*** TASK INPUTS

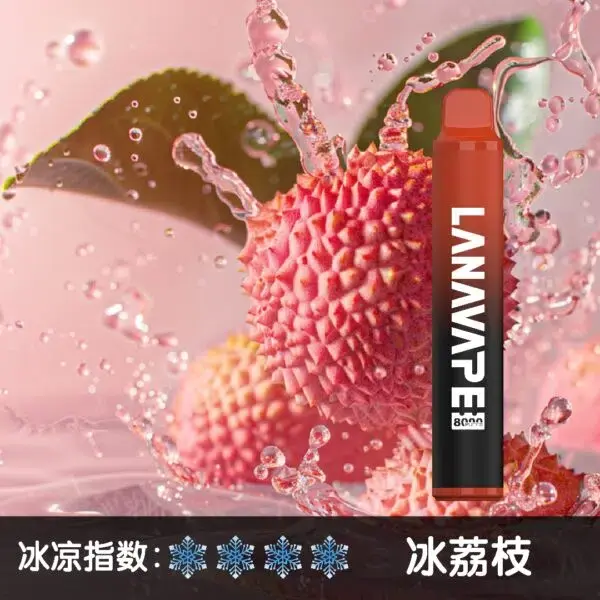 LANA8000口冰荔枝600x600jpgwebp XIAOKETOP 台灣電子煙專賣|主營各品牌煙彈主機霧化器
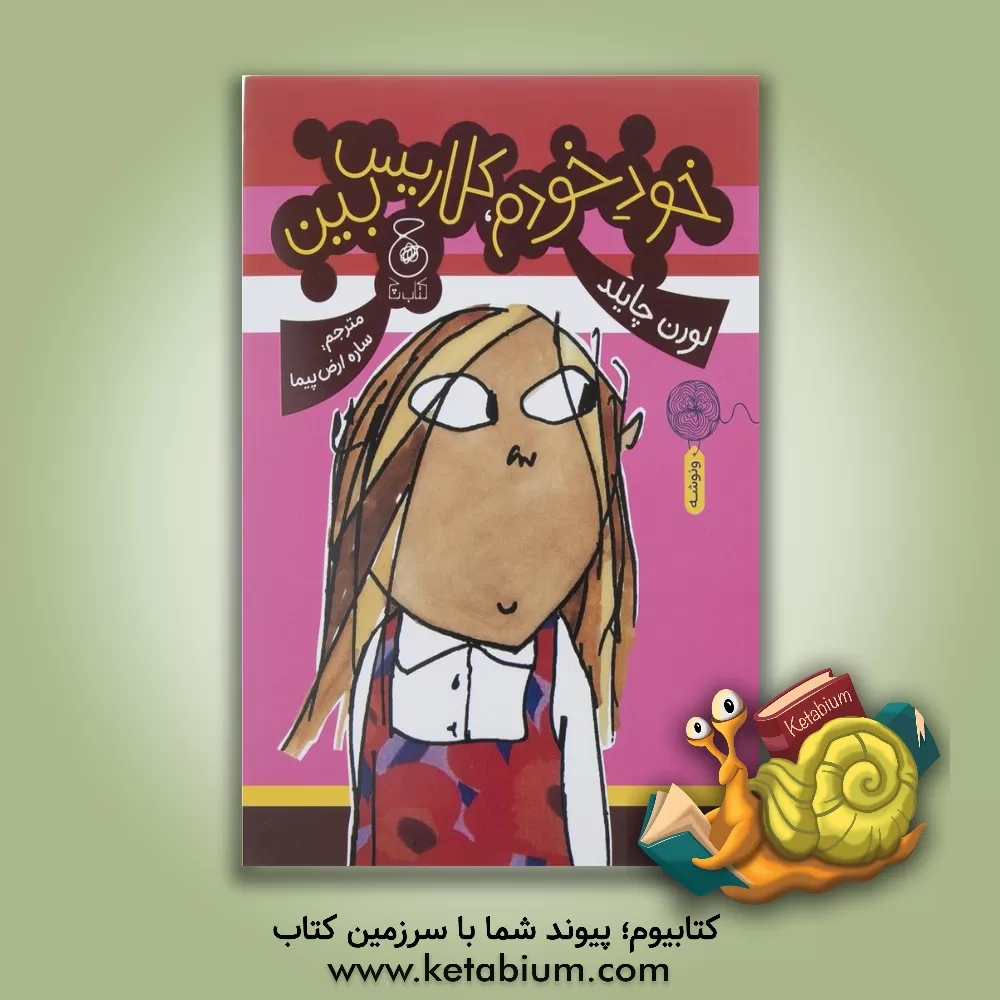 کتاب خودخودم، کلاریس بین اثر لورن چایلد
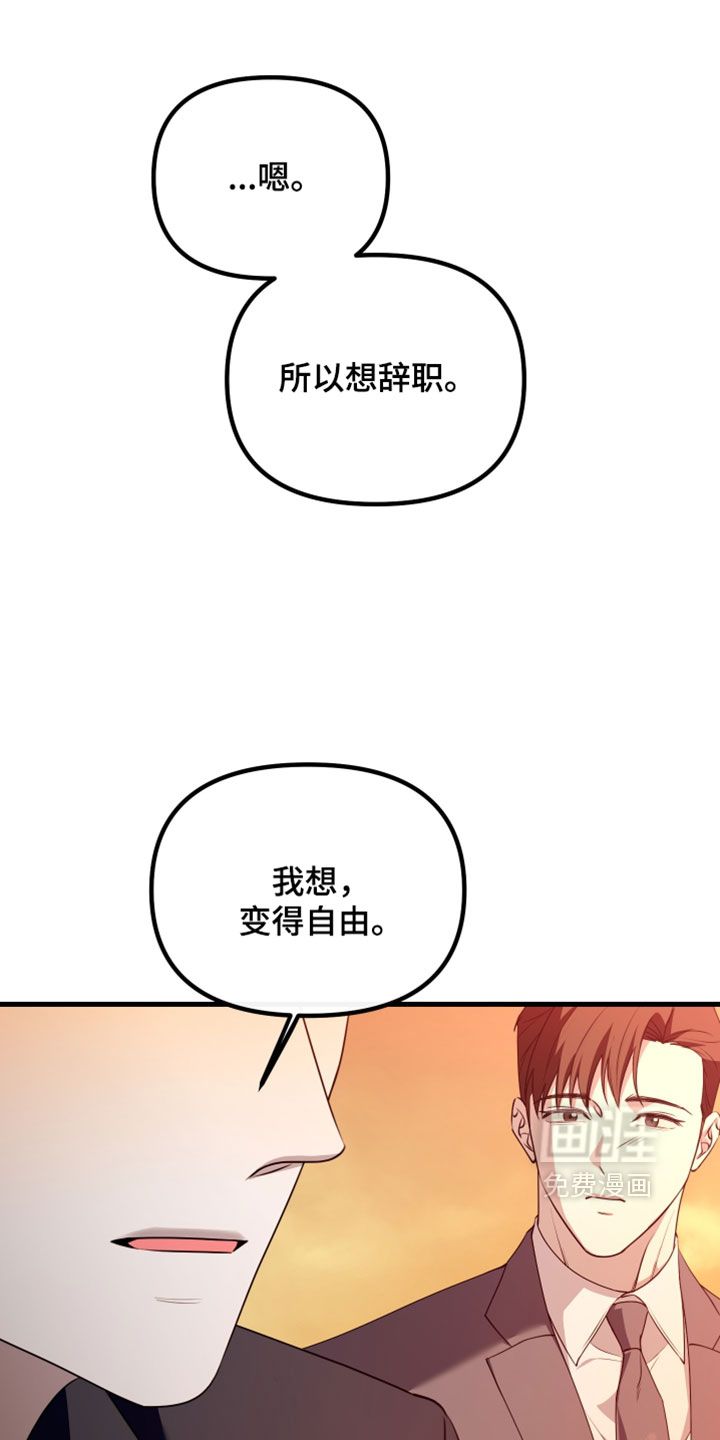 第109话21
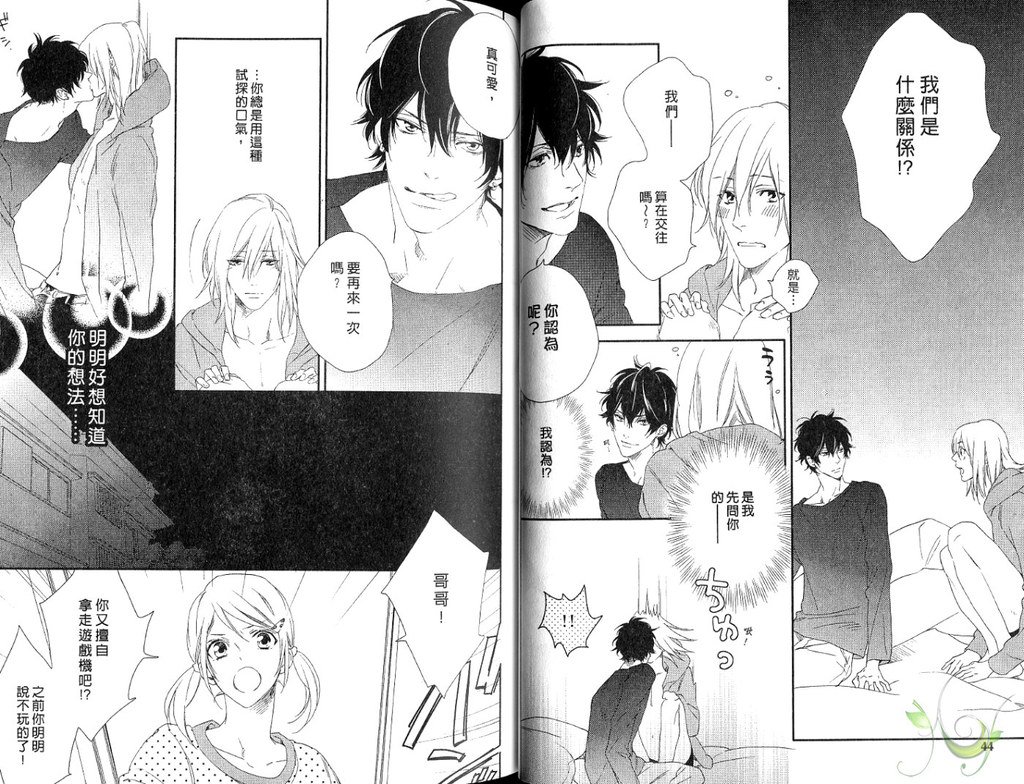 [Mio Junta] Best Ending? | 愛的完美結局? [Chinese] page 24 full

******
*** TASK INPUTS

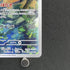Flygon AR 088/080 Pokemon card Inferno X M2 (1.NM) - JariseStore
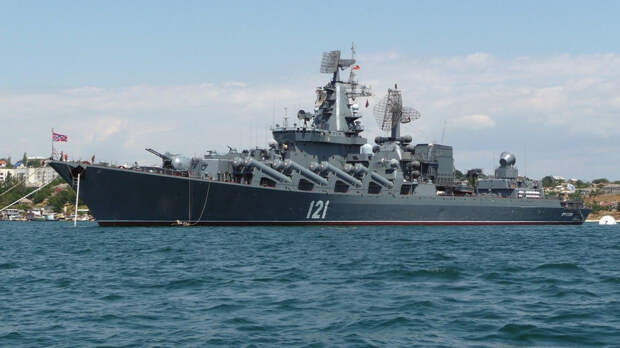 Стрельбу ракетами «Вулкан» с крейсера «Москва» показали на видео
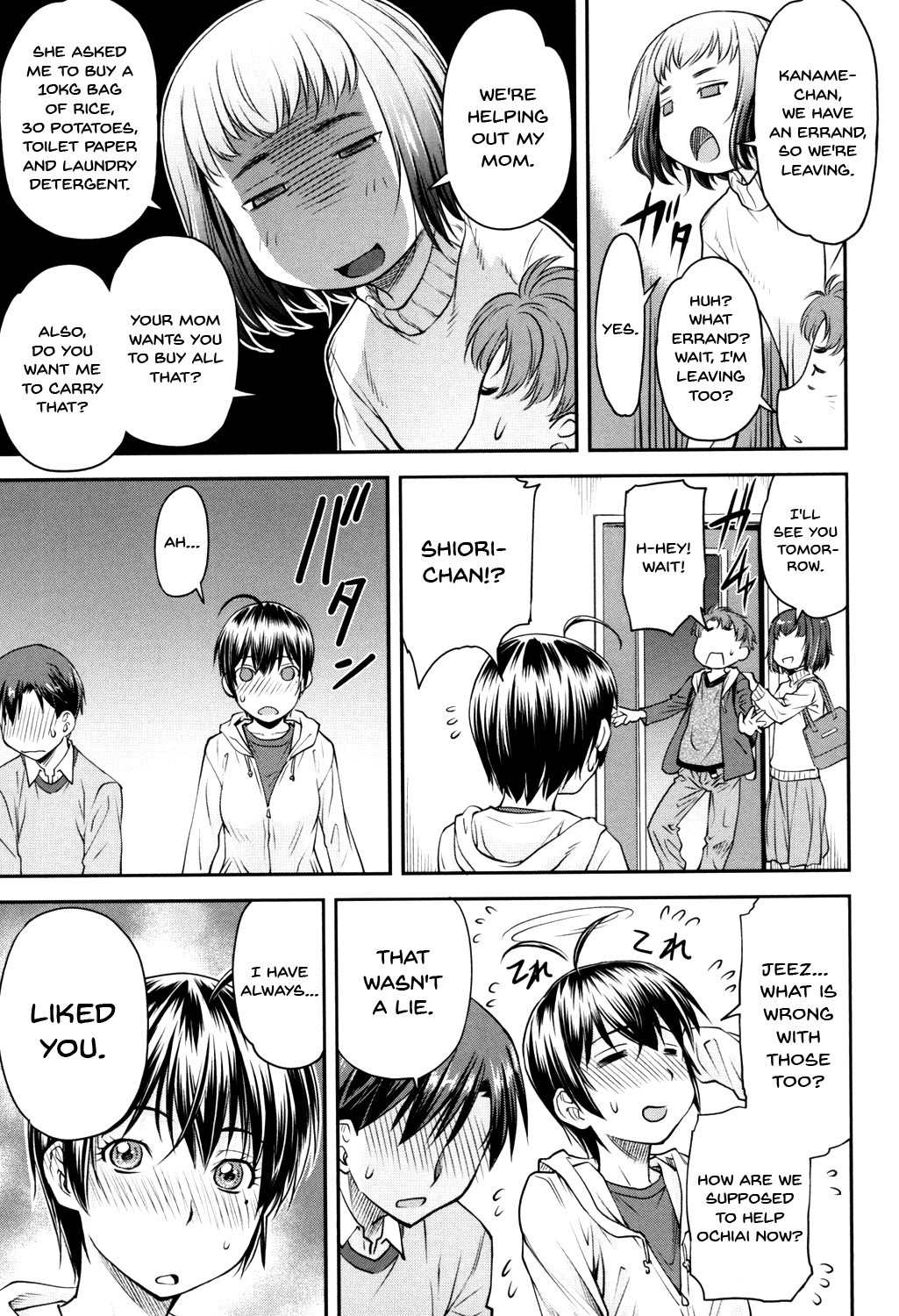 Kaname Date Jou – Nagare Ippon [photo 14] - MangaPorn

******

**WHAT IS REQUIRED:** Within the entries above, the lines from the one containing "LANA8000口冰荔枝600x600jpgwebp XIAOKETOP 台灣電子煙專賣|主營各品牌煙彈主機霧化器" through the one containing "[Mio Junta] Best" are to be transcribed exactly, ends included, pictures excluded.

**SOLUTION TO THE PROBLEM:**
 LANA8000口冰荔枝600x600jpgwebp XIAOKETOP 台灣電子煙專賣|主營各品牌煙彈主機霧化器
 کتاب خودخودم، کلاریس بین اثر لورن چایلد
 第109话21
 [Mio Junta] Best Ending? | 愛的完美結局? [Chinese] page 24 full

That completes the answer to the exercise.